-- RECORDS PROVIDED follows --
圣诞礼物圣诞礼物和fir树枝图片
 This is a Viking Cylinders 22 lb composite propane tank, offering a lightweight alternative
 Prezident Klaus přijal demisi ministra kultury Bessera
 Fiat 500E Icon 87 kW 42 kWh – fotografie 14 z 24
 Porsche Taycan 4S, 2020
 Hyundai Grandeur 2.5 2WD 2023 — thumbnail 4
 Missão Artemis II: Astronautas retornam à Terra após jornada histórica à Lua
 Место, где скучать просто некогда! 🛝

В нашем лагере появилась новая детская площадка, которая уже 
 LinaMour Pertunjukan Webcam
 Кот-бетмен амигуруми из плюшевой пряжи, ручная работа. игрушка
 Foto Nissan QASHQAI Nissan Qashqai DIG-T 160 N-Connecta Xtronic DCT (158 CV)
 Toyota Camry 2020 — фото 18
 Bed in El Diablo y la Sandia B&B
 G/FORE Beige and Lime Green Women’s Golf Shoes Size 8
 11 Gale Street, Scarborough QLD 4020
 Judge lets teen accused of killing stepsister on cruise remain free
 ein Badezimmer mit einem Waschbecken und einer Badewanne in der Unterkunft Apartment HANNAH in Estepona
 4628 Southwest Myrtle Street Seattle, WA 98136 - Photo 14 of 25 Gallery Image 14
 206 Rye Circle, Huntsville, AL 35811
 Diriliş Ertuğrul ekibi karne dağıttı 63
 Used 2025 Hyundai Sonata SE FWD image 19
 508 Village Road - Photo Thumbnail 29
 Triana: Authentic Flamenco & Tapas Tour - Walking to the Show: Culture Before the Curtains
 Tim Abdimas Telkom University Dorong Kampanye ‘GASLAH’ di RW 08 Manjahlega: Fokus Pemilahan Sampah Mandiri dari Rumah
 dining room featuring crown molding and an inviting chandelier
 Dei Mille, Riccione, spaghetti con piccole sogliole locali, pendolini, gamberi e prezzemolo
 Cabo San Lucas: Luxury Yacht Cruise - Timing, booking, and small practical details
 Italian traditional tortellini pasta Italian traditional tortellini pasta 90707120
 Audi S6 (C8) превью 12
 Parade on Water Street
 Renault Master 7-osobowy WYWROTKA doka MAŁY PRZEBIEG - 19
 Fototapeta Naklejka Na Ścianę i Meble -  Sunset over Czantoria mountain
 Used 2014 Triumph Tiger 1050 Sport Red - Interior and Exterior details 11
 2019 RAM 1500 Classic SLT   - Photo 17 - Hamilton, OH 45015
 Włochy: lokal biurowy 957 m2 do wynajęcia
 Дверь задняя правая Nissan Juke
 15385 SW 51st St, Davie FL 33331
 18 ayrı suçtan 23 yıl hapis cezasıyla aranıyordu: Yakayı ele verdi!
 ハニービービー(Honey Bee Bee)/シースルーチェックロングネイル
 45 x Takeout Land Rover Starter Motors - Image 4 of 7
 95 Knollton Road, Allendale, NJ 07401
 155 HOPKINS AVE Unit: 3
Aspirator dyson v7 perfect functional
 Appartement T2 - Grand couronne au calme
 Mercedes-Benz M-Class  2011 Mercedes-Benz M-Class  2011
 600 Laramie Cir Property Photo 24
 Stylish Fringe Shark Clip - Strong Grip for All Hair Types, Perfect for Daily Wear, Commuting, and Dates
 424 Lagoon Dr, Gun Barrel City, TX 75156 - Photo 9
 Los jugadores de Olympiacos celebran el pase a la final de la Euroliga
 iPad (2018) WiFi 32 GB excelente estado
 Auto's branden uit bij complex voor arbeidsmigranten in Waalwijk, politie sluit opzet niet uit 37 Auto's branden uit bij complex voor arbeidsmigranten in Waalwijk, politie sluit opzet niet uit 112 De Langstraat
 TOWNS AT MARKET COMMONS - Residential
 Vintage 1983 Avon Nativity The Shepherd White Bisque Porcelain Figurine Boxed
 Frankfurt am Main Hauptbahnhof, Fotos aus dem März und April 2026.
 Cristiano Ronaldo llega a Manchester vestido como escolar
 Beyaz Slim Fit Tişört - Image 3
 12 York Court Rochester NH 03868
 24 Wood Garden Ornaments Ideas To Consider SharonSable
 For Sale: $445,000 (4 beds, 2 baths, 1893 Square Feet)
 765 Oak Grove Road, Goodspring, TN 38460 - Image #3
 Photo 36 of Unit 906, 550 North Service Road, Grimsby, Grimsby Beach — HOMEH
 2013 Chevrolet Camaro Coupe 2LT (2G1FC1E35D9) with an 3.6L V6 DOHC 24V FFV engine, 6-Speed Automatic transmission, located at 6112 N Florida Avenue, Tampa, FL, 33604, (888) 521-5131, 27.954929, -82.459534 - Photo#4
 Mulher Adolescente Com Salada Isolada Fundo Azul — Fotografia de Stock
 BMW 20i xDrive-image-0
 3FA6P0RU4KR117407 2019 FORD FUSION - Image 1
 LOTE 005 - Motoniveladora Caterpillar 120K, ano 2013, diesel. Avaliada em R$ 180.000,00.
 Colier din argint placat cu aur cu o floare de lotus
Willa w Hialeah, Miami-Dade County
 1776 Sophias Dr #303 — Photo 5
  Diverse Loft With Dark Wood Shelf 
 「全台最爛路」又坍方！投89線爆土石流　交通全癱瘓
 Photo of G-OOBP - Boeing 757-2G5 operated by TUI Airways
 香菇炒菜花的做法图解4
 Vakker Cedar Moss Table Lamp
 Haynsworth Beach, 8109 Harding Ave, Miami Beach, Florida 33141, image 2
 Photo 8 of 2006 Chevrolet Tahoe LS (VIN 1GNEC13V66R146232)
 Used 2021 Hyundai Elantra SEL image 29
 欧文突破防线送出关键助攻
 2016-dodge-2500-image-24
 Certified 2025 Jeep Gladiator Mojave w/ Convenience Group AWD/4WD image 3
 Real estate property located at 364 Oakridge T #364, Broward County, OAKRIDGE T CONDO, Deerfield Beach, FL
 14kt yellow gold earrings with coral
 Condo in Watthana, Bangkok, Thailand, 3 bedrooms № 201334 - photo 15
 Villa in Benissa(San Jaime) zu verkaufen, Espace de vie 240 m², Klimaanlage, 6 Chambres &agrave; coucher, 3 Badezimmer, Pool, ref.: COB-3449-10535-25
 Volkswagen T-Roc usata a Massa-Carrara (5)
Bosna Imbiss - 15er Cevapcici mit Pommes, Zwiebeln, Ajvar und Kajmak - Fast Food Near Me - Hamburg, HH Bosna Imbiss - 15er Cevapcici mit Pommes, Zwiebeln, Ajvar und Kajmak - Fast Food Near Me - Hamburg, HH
-- RECORDS PROVIDED concluded --
§ WHAT IS BEING ASKED
Send back exactly the lines of the listing above starting at the one with "Renault Master 7-osobowy" and ending at the one with "112 De Langstraat", inclusive, and no others.

§ OUTPUT BELOW
 Renault Master 7-osobowy WYWROTKA doka MAŁY PRZEBIEG - 19
 Fototapeta Naklejka Na Ścianę i Meble -  Sunset over Czantoria mountain
 Used 2014 Triumph Tiger 1050 Sport Red - Interior and Exterior details 11
 2019 RAM 1500 Classic SLT   - Photo 17 - Hamilton, OH 45015
 Włochy: lokal biurowy 957 m2 do wynajęcia
 Дверь задняя правая Nissan Juke
 15385 SW 51st St, Davie FL 33331
 18 ayrı suçtan 23 yıl hapis cezasıyla aranıyordu: Yakayı ele verdi!
 ハニービービー(Honey Bee Bee)/シースルーチェックロングネイル
 45 x Takeout Land Rover Starter Motors - Image 4 of 7
 95 Knollton Road, Allendale, NJ 07401
 155 HOPKINS AVE Unit: 3
Aspirator dyson v7 perfect functional
 Appartement T2 - Grand couronne au calme
 Mercedes-Benz M-Class  2011 Mercedes-Benz M-Class  2011
 600 Laramie Cir Property Photo 24
 Stylish Fringe Shark Clip - Strong Grip for All Hair Types, Perfect for Daily Wear, Commuting, and Dates
 424 Lagoon Dr, Gun Barrel City, TX 75156 - Photo 9
 Los jugadores de Olympiacos celebran el pase a la final de la Euroliga
 iPad (2018) WiFi 32 GB excelente estado
 Auto's branden uit bij complex voor arbeidsmigranten in Waalwijk, politie sluit opzet niet uit 37 Auto's branden uit bij complex voor arbeidsmigranten in Waalwijk, politie sluit opzet niet uit 112 De Langstraat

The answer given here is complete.